Sapphire vs. Gorilla Glass: Anticipating the winner

Gonzo’s take on Sapphire cleverly dodges past the central point, which is, technicality. Not that I know a great deal about it, but I’m sure there are more like me who would like to read about it. Hopefully, Gonzo will post something soon that addresses the technology and technicality behind sapphire, so I’d like to put my two cents on Gorilla Glass to help you make a better comparison later.

This may or may not be a bad news for people looking for exotic things in their watches; to some, sapphire is more exotic than Gorilla. Why? Sapphire got something that Gorilla glass does not, so let’s start with their compositions.

Gorilla Glass is simply a chemically toughened glass that underwent an ion-exchange process. To simplify further, a glass sheet is put into a 400oC bath of potassium salts (molten). This initiates an ion exchange; sodium ions on glass are replaced with the larger potassium ions from the salt. The potassium ions, upon condensing, come up tougher than the sodium, bringing higher compressive stress.

Sapphire, on the other hand, is crystallized aluminium oxide, just like Corundum, another name for which is RUBY (when red). Corundum; however, is a natural occurrence, a mineral and often with impurities that bar its transparency but imparts excellent colors. The difference is, here the alumina is crystallized in the lab, artificially.
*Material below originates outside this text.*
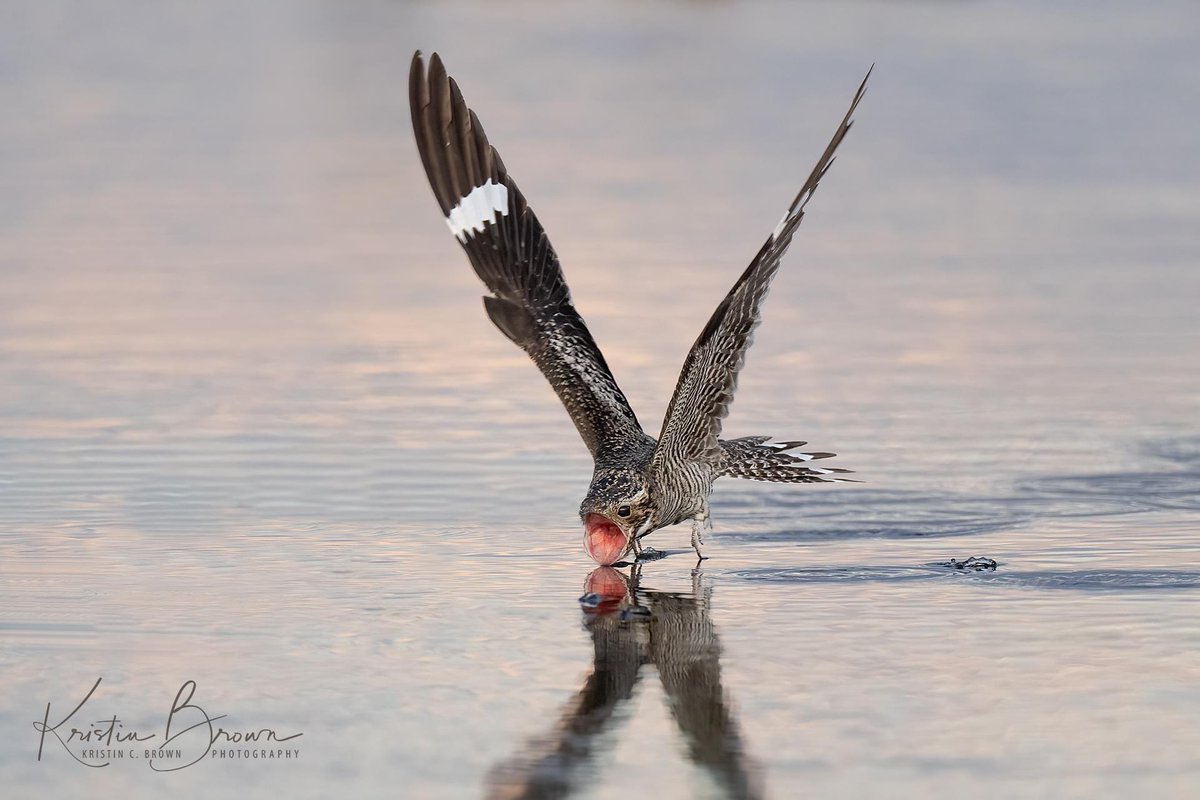 I’ve seen plenty of Common Nighthawks in my life but I’ve never seen in this pose. Such a big mouth!! Such little feet hanging down!! Amazing tail action happening too. I’m obsessed with this photo. 📸 : Kristin C Brown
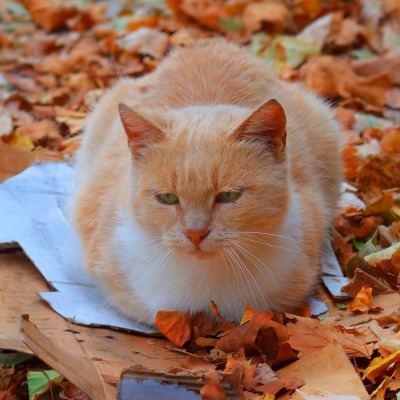 кот рыжий листья осень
While Sapphire ranks 2 and scores 9 on the Mohs scale of hardness of naturally occurring minerals on the planet, Gorilla Glass scores 6.8. Even a mineral like Quartz is a step above. The catch is: Mohs scale of mineral hardness tests the ability of one substance to scratch another, so while it indicates scratch resistance better, it doesn’t gauge shatter resistance.
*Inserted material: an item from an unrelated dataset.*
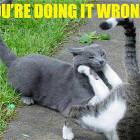 Your Doing It Wrong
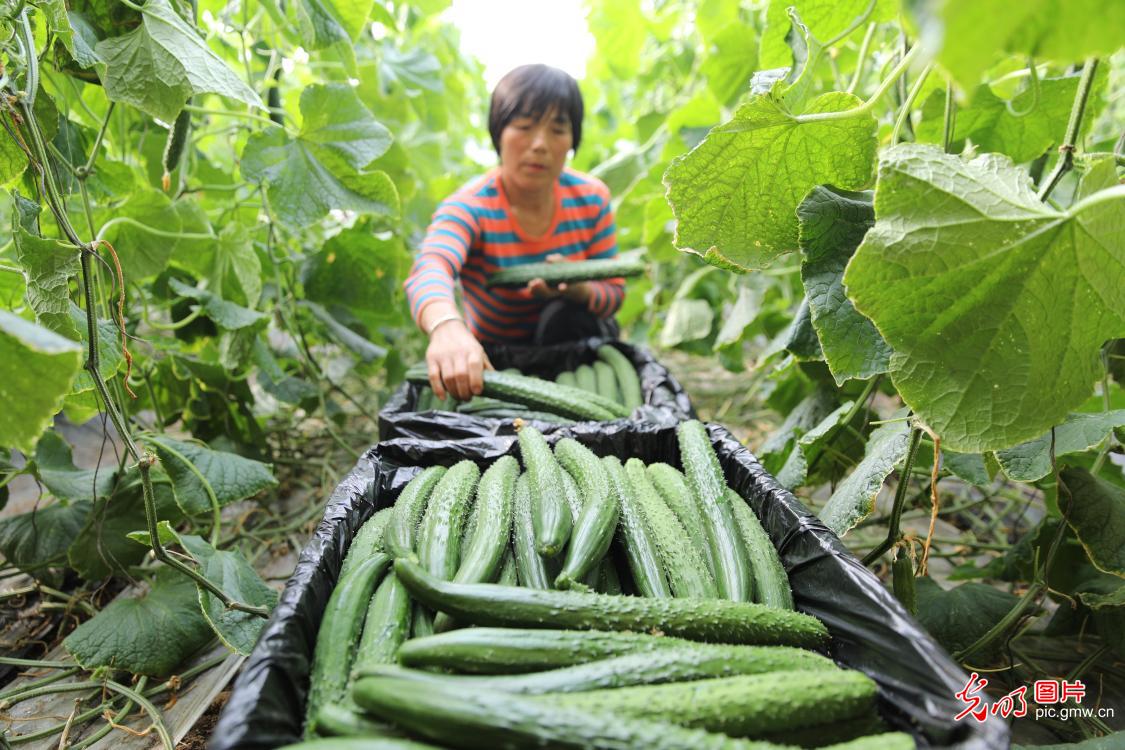 南有新田富硒大米(富硒大米基地)-硒宝网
Let’s hear it from the horse’s mouth. The Director of the Center for Advanced Ceramic Technology (Kazuo Inamori School of Engineering; Alfred University) Mr. Matthew Hall gave the lowdown: “Chemically strengthened glass can be excellent, but sapphire is better in terms of hardness, strength, and toughness. The fracture toughness of sapphire should be around 4 times greater than Gorilla Glass – about 3 MPa-m0.5 versus 0.7 MPa-m0.5, respectively.” [Ref:]

I can hear the question coming: “Is it in real life or in lab tests?” A very pertinent question, that is; for at the end of the day, it all boils down to the real life hardships the glass will face.

As a matter of fact, you have to make both winners. Sapphire resists scratches more than Gorilla Glass but sapphire shatters easier than GG, which can withstand a sudden impact 2.5 times more. But then again, scratches invite fractures in future and therefore, shattering; so less scratches on the GG means it is less less likely to shatter. With that said, here comes the final factors, which is the cost and weight. Gorilla Glass costs a-tenth of sapphire and its density of 2.54 g/cm3 is less than sapphire’s 3.98 g/cm3.

So is it possible to blend sapphire and GG together? Yes, there are ways to fuse sapphire and GG layers together; it creates a laminate which got the best of both – Sapphire’s durability and GG’s flexibility. Their RI (refractive index) are close (sapphire’s 1.76 compared to GG’s 1.5) but the difference in light transmission is quite huge. Here, GG has a disadvantage; it can result in a shorter battery life or a longer charging time. This doesn’t; however, affect the display and perhaps this is the only USP of GG to gain some competitive advantage.